Pero duermo el sueño de los justos pues sé que mi fútil vida no se interpone en la marcha del gran tiempo. Por el contrario: parece que se exige de mí que sea en extremo fútil, se exige de mí, incluso, que duerma el sueño de los justos. Ellos me quieren ocupada y distraída, y no les importa cómo. Porque con mi atención errada y mis grandes disparates, yo podría entorpecer lo que se está haciendo a través de mí. Y que yo misma, yo propiamente dicha, sólo he servido realmente para interponerme. Lo que me revela que tal vez yo sea un agente es la idea de que mi destino me sobrepasa: por lo menos eso debieran dejarme adivinar. Yo sería uno de aquellos que harían mal su trabajo si no adivinasen un poco; me harían olvidar lo que me dejan adivinar. Pero vagamente me quedó la noción de que mi destino me sobrepasa, y de que soy un instrumento del trabajo de ellos. Pero de cualquier modo es sólo un instrumento lo que podría ser, porque el trabajo no podría ser realmente mío. Ya probé establecerme por cuenta propia y no dio resultado, me quedó hasta hoy esta mano trémula. Si hubiera yo insistido un poco más, hubiera perdido para siempre la salud. Desde entonces, desde esa malograda experiencia, procuro pensar de esta manera: que ya me fue dado mucho, que ellos ya me concedieron todo lo que puede ser concedido; y que otros agentes, muy superiores a mí, apenas trabajaron también para lo que no conocían. Y con las mismas poquísimas instrucciones. Ya me fue dado mucho; esto, por ejemplo: de vez en cuando, con el corazón latiendo fuerte por el privilegio. Yo por lo menos sé que no estoy reconociendo, con el corazón latiendo fuerte por la emoción, yo por lo menos no comprendo, con el corazón latiendo con fuerza por la confianza. Yo por lo menos no sé.
¿Pero y el huevo? Este es uno de los subterfugios de ellos: mientras yo hablaba sobre el huevo, me había olvidado de él. “Habla, habla”, me instruían ellos. Y el huevo quedó enteramente protegido por tantas palabras. Hablar mucho es una de las instrucciones, estoy tan cansada.

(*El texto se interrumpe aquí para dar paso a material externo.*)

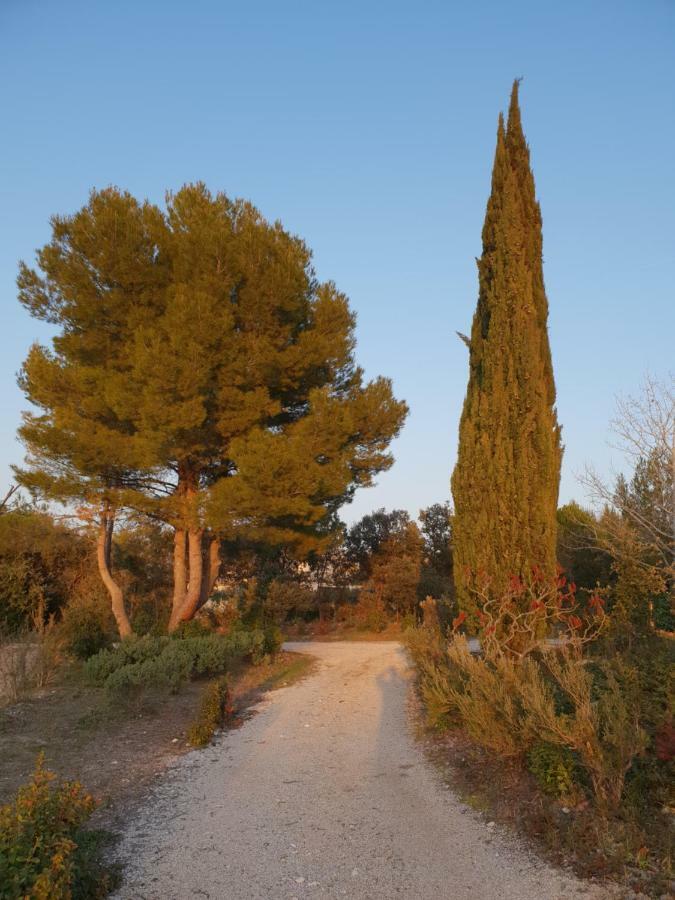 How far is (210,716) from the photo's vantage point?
736 cm

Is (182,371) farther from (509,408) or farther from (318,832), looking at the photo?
(318,832)

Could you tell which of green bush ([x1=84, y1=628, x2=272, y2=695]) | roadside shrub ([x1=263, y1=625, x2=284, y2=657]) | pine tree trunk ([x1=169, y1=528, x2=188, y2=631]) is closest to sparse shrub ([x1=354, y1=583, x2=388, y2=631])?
roadside shrub ([x1=263, y1=625, x2=284, y2=657])

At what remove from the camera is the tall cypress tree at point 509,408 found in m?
9.96

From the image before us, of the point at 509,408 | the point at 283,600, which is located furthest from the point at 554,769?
the point at 283,600

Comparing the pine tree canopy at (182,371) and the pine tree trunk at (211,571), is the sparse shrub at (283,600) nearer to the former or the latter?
the pine tree trunk at (211,571)

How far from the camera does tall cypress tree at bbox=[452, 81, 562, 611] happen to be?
32.7ft

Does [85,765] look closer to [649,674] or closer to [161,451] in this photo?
[649,674]

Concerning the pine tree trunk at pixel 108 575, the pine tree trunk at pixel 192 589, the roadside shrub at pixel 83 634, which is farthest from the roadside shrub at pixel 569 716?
the pine tree trunk at pixel 108 575

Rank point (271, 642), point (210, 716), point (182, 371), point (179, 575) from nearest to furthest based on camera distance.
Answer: point (210, 716) < point (182, 371) < point (271, 642) < point (179, 575)

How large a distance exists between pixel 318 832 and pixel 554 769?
181 cm

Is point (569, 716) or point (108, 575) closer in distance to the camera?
point (569, 716)

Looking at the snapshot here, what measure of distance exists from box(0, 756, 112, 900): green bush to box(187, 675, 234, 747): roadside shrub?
3.33 metres

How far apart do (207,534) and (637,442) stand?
32.8ft

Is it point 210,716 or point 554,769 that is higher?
point 554,769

Por devoción al huevo lo olvidé. Mi olvido necesario. Mi ruin olvido. Porque el huevo es un esquivo. Delante de mi posesiva adoración él podría retraerse y no volver nunca. Pero si él fuera olvidado. Si yo hiciera el sacrificio de vivir apenas mi vida y de olvidarlo. Si el huevo fuera imposible. Entonces, libre, delicado, sin mensaje alguno para mí, tal vez una vez más, se mueva por el espacio hasta esta ventana que desde siempre tengo abierta. Y de madrugada baje a nuestro edificio, sereno hasta la cocina, iluminándola con su palidez, que también es la mía.